Desperate Plant Disguise
One wonders how and why this traveler was so attached to the plant that he or she made this artsy fartsy attempt to disguise its organic nature. Painstakingly wrapped twig by twig, and ornately appointed, the plant was further disguised in a wrapped box.
The smuggler was foiled by an astute officer in Sterling, Virginia in November, 2008 armed with an x-ray machine, and the aluminum ensconced “plant of Vietnamese origin” was confiscated.
He sure loves his hunny. On his best buddy, that is.
The smuggler of these sausages gets a gold star for irony for packaging a pork product in this Winnie the Pooh puzzle box. Who would think to look for the ground up brethren of Pooh’s BFF Piglet in this shrink wrapped package?
The passenger arriving at Dulles International Airport from Amsterdam in February, 2009 may have been overindulging in a certain other prohibited substance not to have considered the weight discrepancy between two kielbasas and a wafer thin cardboard picture. Ah, sausage smuggler, you defy classification with your nefarious, meat craving ways.
There’s enough to get every cop on the NYPD kissed here.
A woman arriving from Africa wanted so desperately to keep the magic in her relationship that she attempted to smuggle into the U.S. these 42 bottles of Love potion. That’s what she and her husband waiting Stateside told the Customs and Border Protection officers in Philadelphia who intercepted this package from the couple, who claimed it was for personal use.
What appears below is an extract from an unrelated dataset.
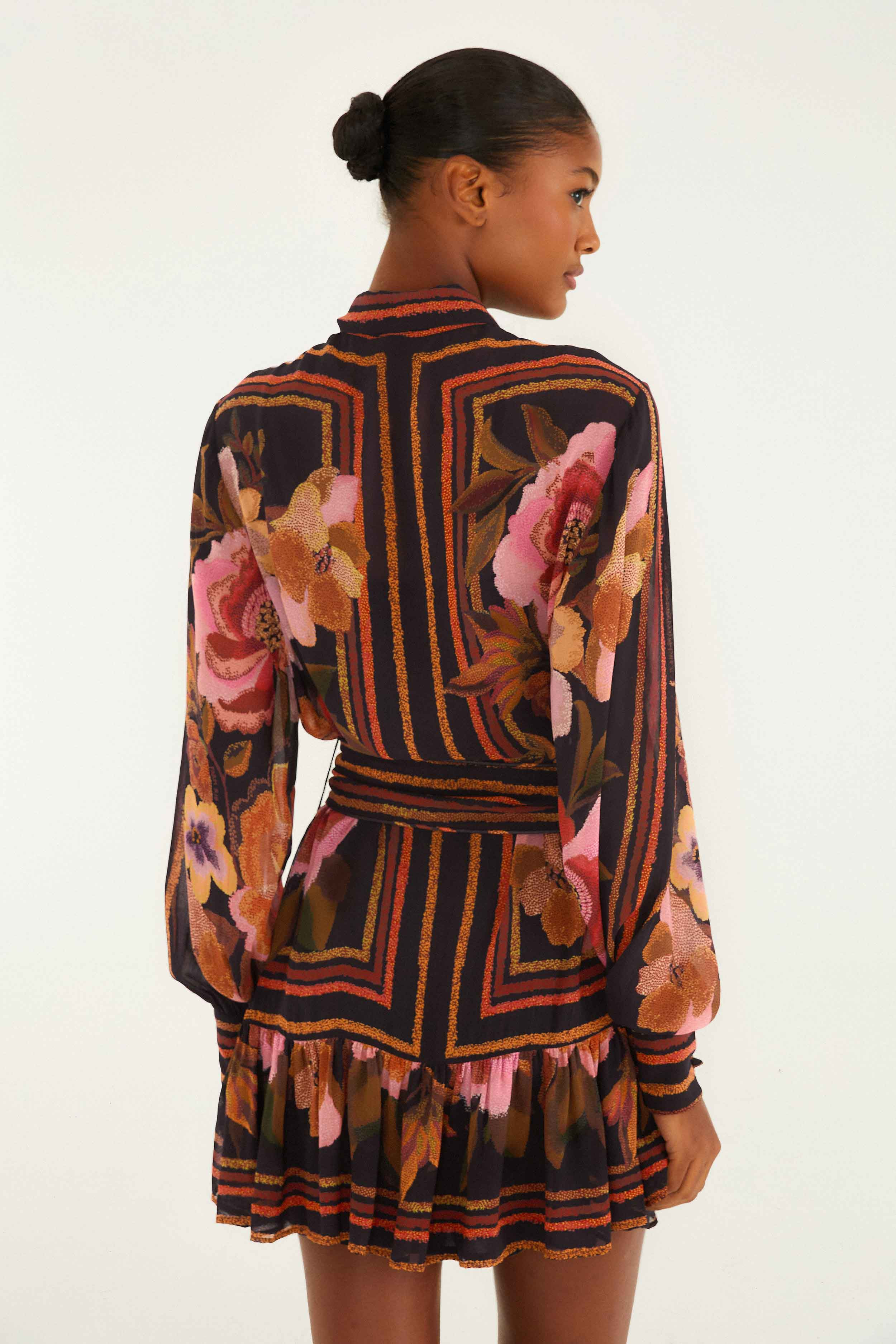 Black Chenille Flowers Belted Long Sleeve Mini Dress | FARM Rio | FarmRio (US)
CBP reviewed the “potion” and determined it to be “inadmissable,” classifying it as a drug. As of March 2008, the plan was to destroy the liquid. Makes you wonder if they’ll have to go down to 34th and Vine to do it.
You couldn’t call this one a dirty birdie.
Here in the United States, the least loved are flushed while the most loved are generally interred in a shoebox. Perhaps the most infamous dead bird ever, it will surely live on in the memory of the customs officer who discovered it pressed carefully in a bar of black soap.
The Nigerian traveler who arrived in Baltimore by way of London in March, 2009 denied having any animal products, but was discovered by Customs and Border Protection officers to be in possession of “3.6 pounds of beef, three pounds of chicken bullion, one star fruit and the soap-encased bird,” and summarily charged $300.00. You’ve got to wonder what happened to it in the end, but the funeral procession likely surmounted the excitement of the final farewell.